Challenges for Prayer

The expatriate Christian community is very diverse. Many speak Kazakh and are committed to long-term work in Kazakhstan. Russians, Americans, Koreans, Germans and many other nationalities all enrich the ministry in their own way. Pray for humility as they serve the indigenous Church. Thank God for the coordinating work of the Kazakh Partnership. There are many needs – reaching the unreached, training, discipling, tentmaking as well as business-as-mission and work focused on material needs. The government can be suspicious of and hostile to the presence of missionaries – pray for the doors to remain open to minister. The threat of intimidation, expulsion and even violence exists, even if it is not common.

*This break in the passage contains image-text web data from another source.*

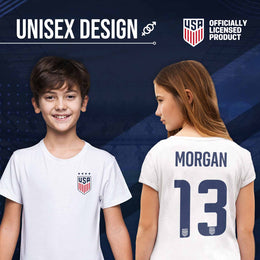 USA National Team The Victory Officially Licensed Youth US Women's National Soccer Team Alex Morgan Name & Number T-Shirt - White #13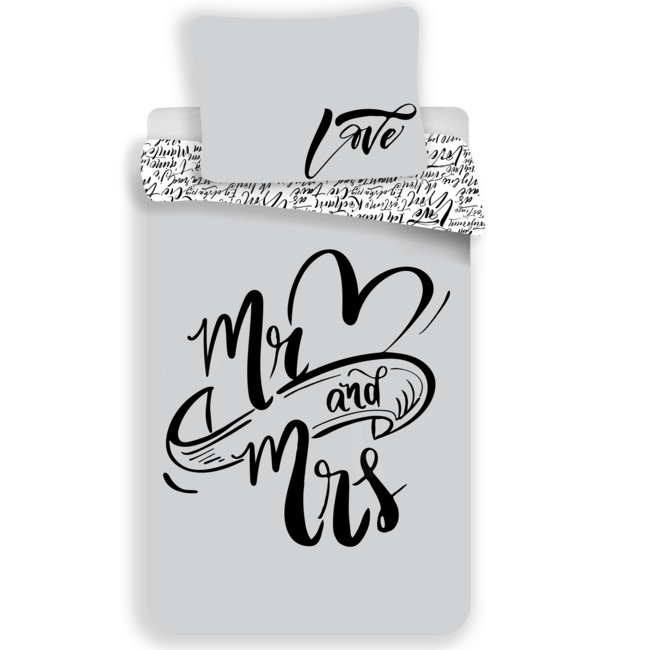 MerchandiseFever Mr & Mrs Dekbedovertrek - 140x200 + 70x90cm - Katoen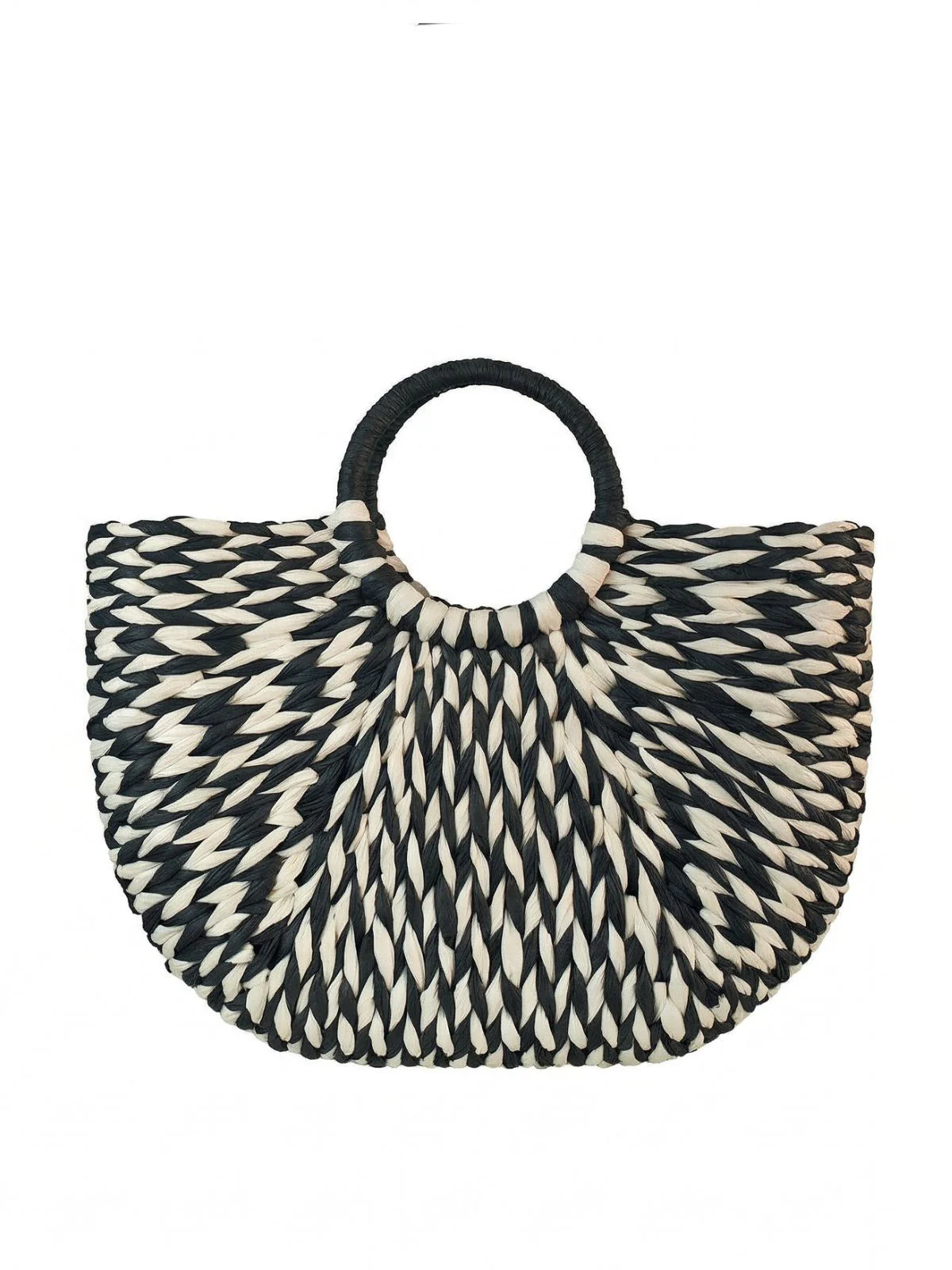 Vintage Handwoven Straw Beach Tote Bag - Image 2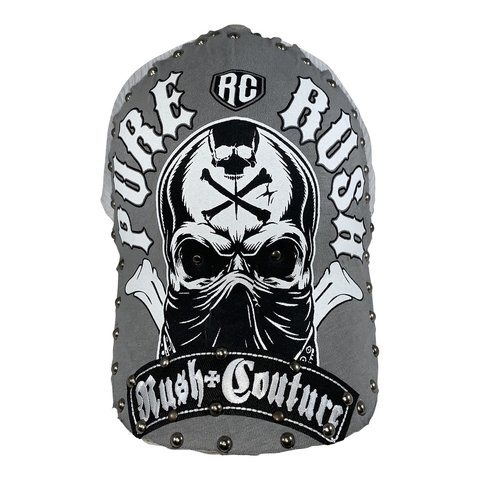 Rush Couture | Бейсболка мужская PURE RUSH SNAP HAT Grey RC166 с черепом перед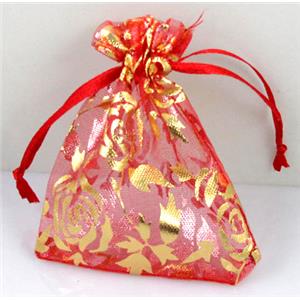 Organza bag, red, 7x9cm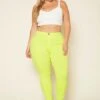 Plus Size Neon Yellow High Waist Skinny Jeans -FemiLook Sales Store 2020200 001 0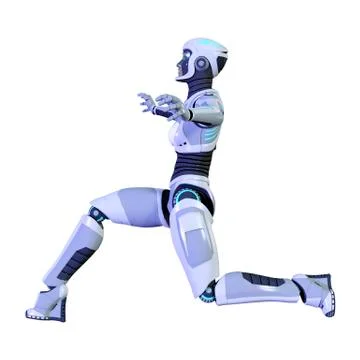 3D Rendering Female Robot  on White Stock Illustration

Christian mercy ministries. There is widespread dysfunction and brokenness in many Kazakh families. Alcoholism and drug addiction are widespread; heroin is as easy to obtain as alcohol. Family breakdown and widespread corruption exacerbate the suffering of many. Pray for Christians to have a powerful transforming effect on society as they demonstrate Christ’s love. There are increasing numbers of ministries focusing on these needs. One of the most remarkable is Mission Agape, a live-in program where addicts are discipled and trained – over 100 have become missionaries and church planters.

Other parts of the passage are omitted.